Si le travail constitue la motivation première du grand départ, le retour est « un mythe »: il n’intervient que rarement, relève José Correia.

« Tout le monde dit la même chose: « Dès que je serai en retraite, je me taille », mais ce n’est pas vrai », confie Paolo Oliveira, employé de la boucherie Brill à Esch. Cette enseigne luxembourgeoise arbore les couleurs du drapeau portugais. Créée en 1986, à l’époque où le Portugal rejoignait la Communauté économique européenne (CEE), l’entreprise a réparti ses boutiques dans les bassins de population d’origine portugaise.

« À la retraite, j’en profiterai, avec des voyages au Portugal plus longs, mais je ne quitterai pas le Luxembourg », assure le boucher pour qui le froid luxembourgeois reste le principal « ennemi ».

Esprit festif

Dans la région de Larochette, une bourgade de 2.150 âmes coincée entre les massifs rocheux et boisés du centre du pays, les habitants, pour moitié portugais, sont venus là pour travailler dans le textile ou à la carrière.
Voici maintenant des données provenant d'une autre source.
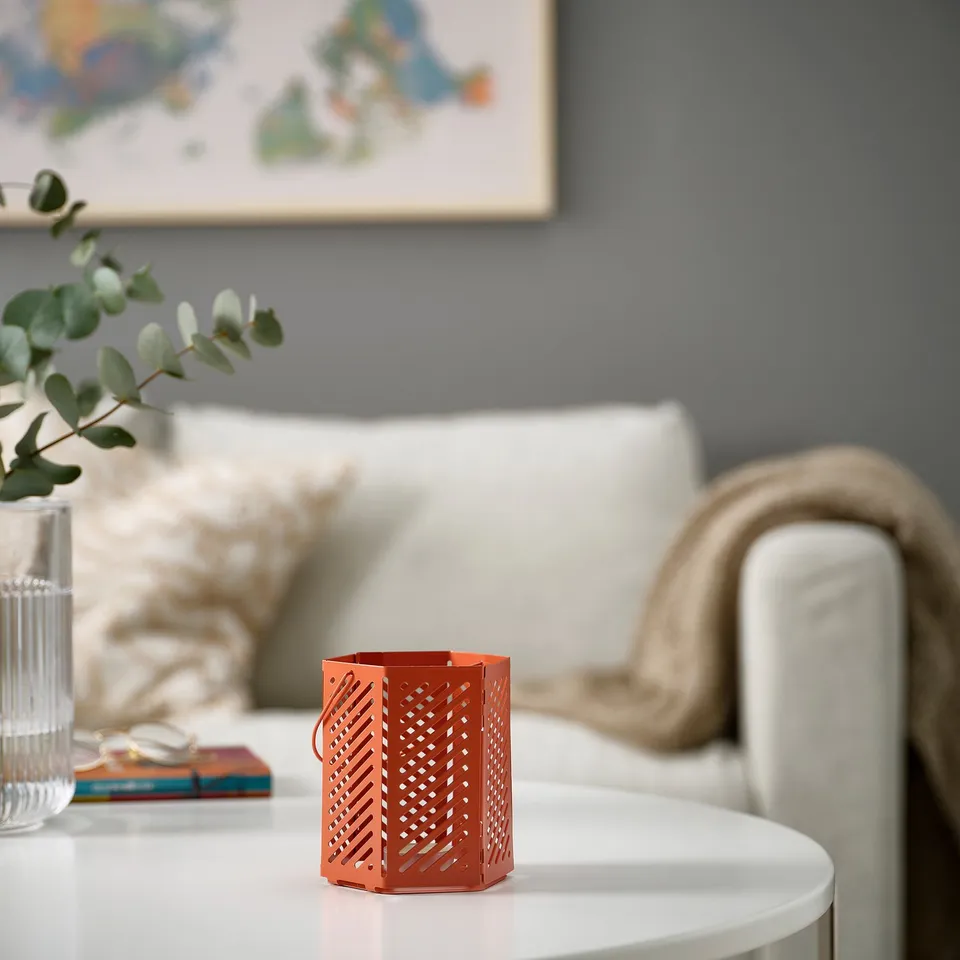 Red metal lantern on white table beside couch. Patterned design casts shadows on walls. Size similar to stack of books.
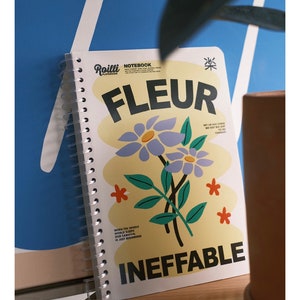 Könnte beinhalten: Ein gelbes Notizbuch mit einem floralen Design und dem Text "FLEUR INEFFABLE" auf dem Cover. Die Blumen sind blau, grün und orange. Der Text "GET UP ASS SOONER WE GOT BIG SHIT TO DO TODAY" befindet sich ebenfalls auf dem Cover.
À leur arrivée dans les années 1960, ils ont rénové les vieilles demeures le long de la rivière Ernz Blanche, se mêlant aux autres communautés, notamment la luxembourgeoise.
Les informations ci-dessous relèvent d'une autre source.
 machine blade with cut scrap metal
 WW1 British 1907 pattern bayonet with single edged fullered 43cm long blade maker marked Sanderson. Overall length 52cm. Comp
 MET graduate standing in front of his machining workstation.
« Ceux de ma génération ont quasiment tous pris la nationalité luxembourgeoise », remarque Myriam. Cette aide-soignante habite Larochette depuis l’enfance et, comme les autochtones, parle le luxembourgeois, l’allemand et le français, les trois langues officielles du Grand-Duché. Ce sont ses parents qui lui ont appris le portugais.

Aujourd’hui, les Portugais de Larochette se retrouvent régulièrement sur la grand-place. Les Luxembourgeois apprécient leur esprit festif (mais pas leurs coups de klaxon tardifs, qui les irritent parfois…)

L’adjointe au maire Natalie Silva narre la récente double célébration: le sacre du Benfica, le grand club lisboète, et celui à l’Eurovision du chanteur représentant le Portugal. « Portugais et Luxembourgeois ont fait la fête ensemble. Idem, l’année dernière, quand le Portugal a gagné la coupe d’Europe », relève l’élue originaire du Cap-Vert, une ancienne colonie portugaise.

« Peuple métis »

Si certains, comme le journaliste José Corréia évoquent une tendance des Portugais « à rester entre eux », Mme Silva ne voit « pas de problème » de communautarisme.

Ils tiennent en tout cas résolument à leur langue maternelle. « Nous sommes un peuple métis et ce métissage nous amène à vouloir garder les racines au niveau de la langue », explique José Antonio Coimbra, le président de la communauté portugaise.

La difficile préservation de leur langue semble être le seul bémol dans l’intégration des Portugais au Luxembourg, où les autorités politiques mettent de plus en plus en avant le luxembourgeois face à une immigration croissante.

Le Grand-Duché et Lisbonne se sont toutefois récemment entendus pour élargir l’apprentissage du portugais dans l’enseignement.

Au-delà des différences linguistiques, il est un fait qui transcende les deux nations: la ferveur de la pratique catholique, affirme Liliana, une habitante de Larochette. Cette femme active dans une association religieuse raconte les messes de communion célébrées à la fois en luxembourgeois, français et portugais. « La croyance n’a ni nationalité ni langue », dit-elle. « C’est une façon de s’intégrer ».